**INFORMATION PROVIDED**
((

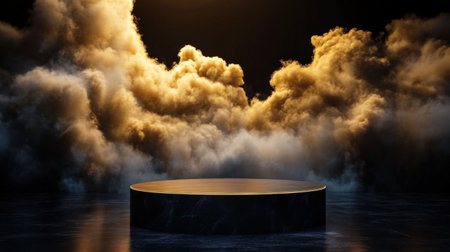 Mystical podium on empty mockup over a magic table. gold neon tonesの素材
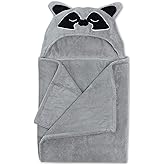 Natemia Premium Ultra Soft Hooded Baby Towel - Grey Raccoon Animal Design - Newborn to Toddler - Made in Turkey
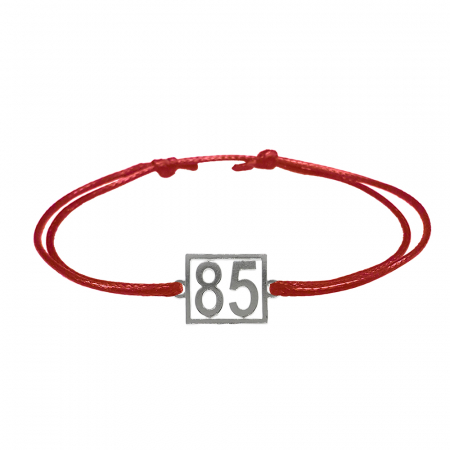 Cu cifre aniversare - Bratara snur rosu personalizata Cifra 85 argint numar norocos cifre aniversare 10248_5260 Dras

))

**WHAT IS EXPECTED**
The lines to repeat run from the line containing "Natemia Premium Ultra" through the last line of the material above; give them exactly, without the pictures.

**ANSWER TO THIS TASK**
 Natemia Premium Ultra Soft Hooded Baby Towel - Grey Raccoon Animal Design - Newborn to Toddler - Made in Turkey
 Cu cifre aniversare - Bratara snur rosu personalizata Cifra 85 argint numar norocos cifre aniversare 10248_5260 Dras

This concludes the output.